§ Records provided:
▼▼▼

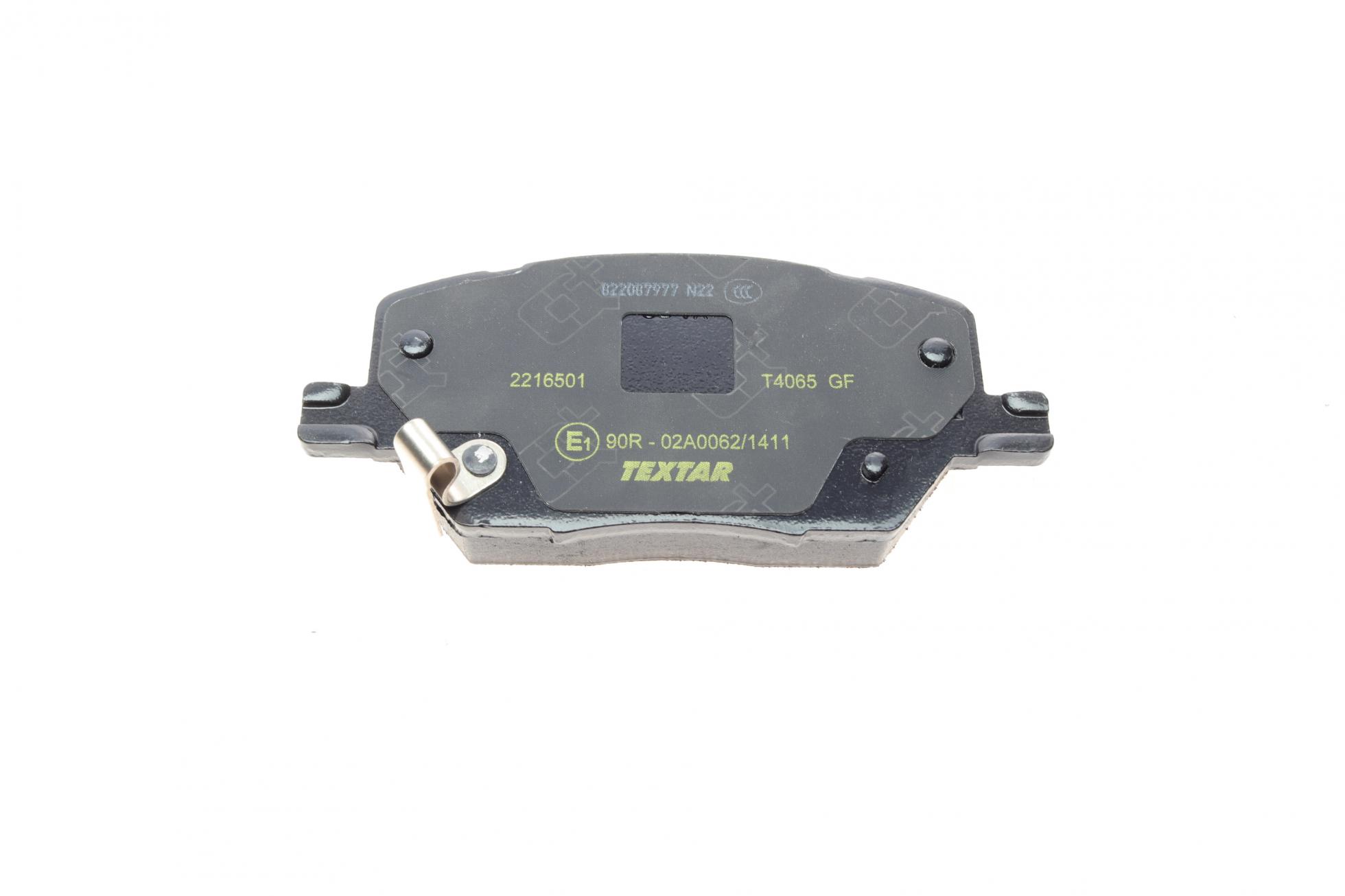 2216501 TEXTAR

▲▲▲
▼▼▼

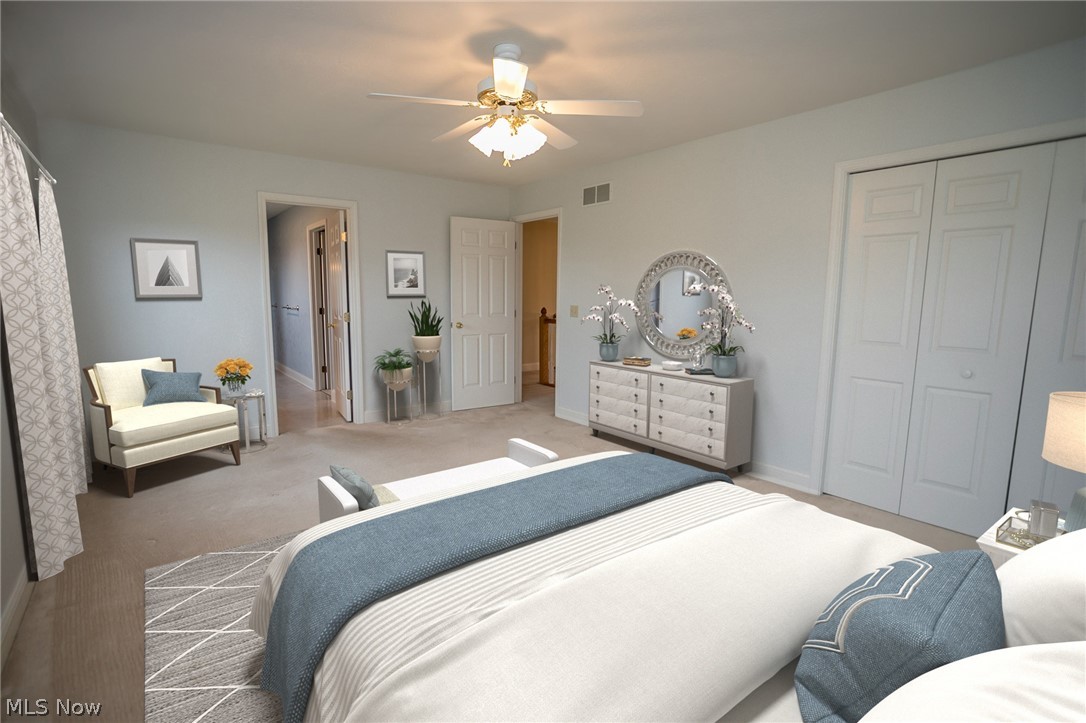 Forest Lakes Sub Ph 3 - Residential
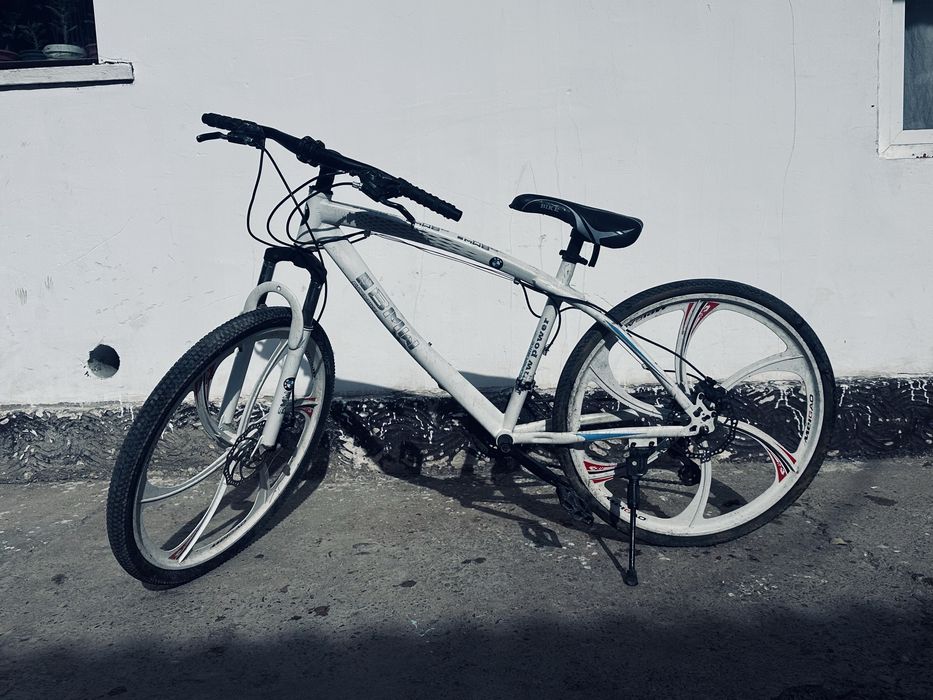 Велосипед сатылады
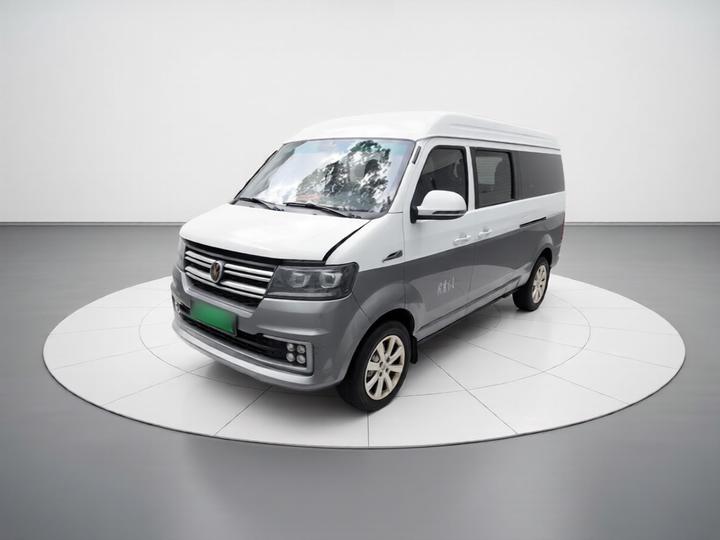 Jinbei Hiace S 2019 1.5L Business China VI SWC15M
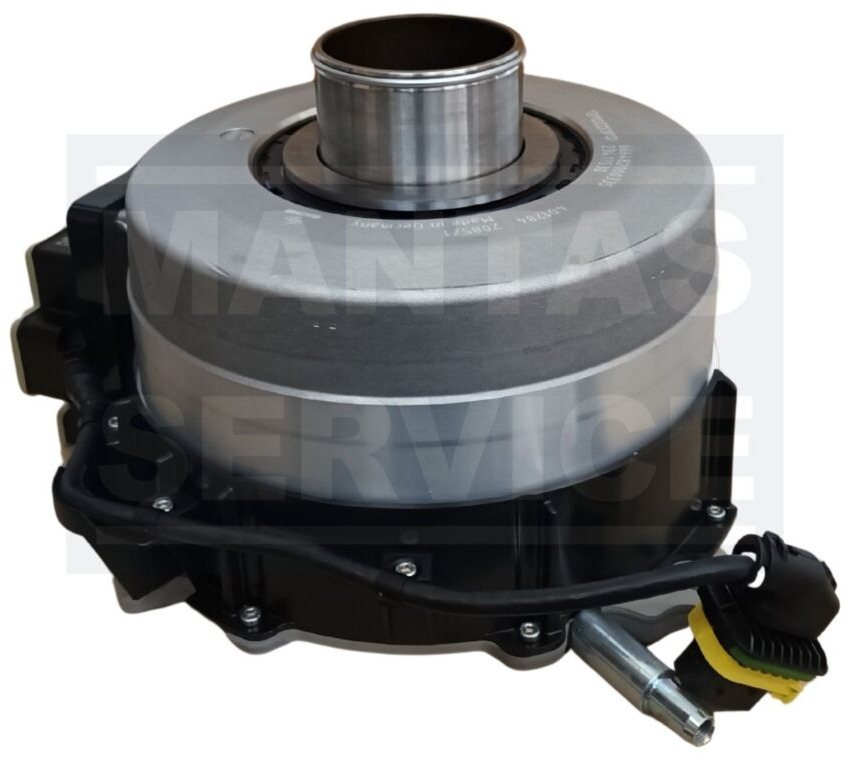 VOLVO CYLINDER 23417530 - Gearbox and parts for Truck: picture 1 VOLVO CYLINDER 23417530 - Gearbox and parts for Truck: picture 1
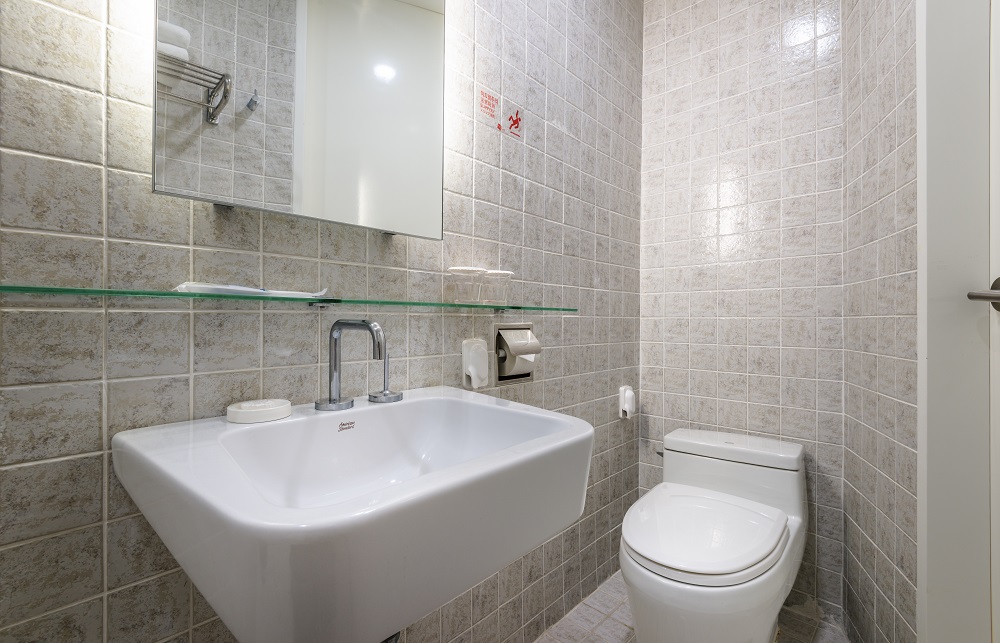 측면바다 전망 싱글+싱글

▲▲▲

§ To do: Everything from the line above that contains "Велосипед сатылады" down to the line that contains "측면바다 전망 싱글+싱글" must be reproduced exactly, both ends included. Omit the pictures.

§ Response for this exercise:
 Велосипед сатылады
 Jinbei Hiace S 2019 1.5L Business China VI SWC15M
 VOLVO CYLINDER 23417530 - Gearbox and parts for Truck: picture 1 VOLVO CYLINDER 23417530 - Gearbox and parts for Truck: picture 1
 측면바다 전망 싱글+싱글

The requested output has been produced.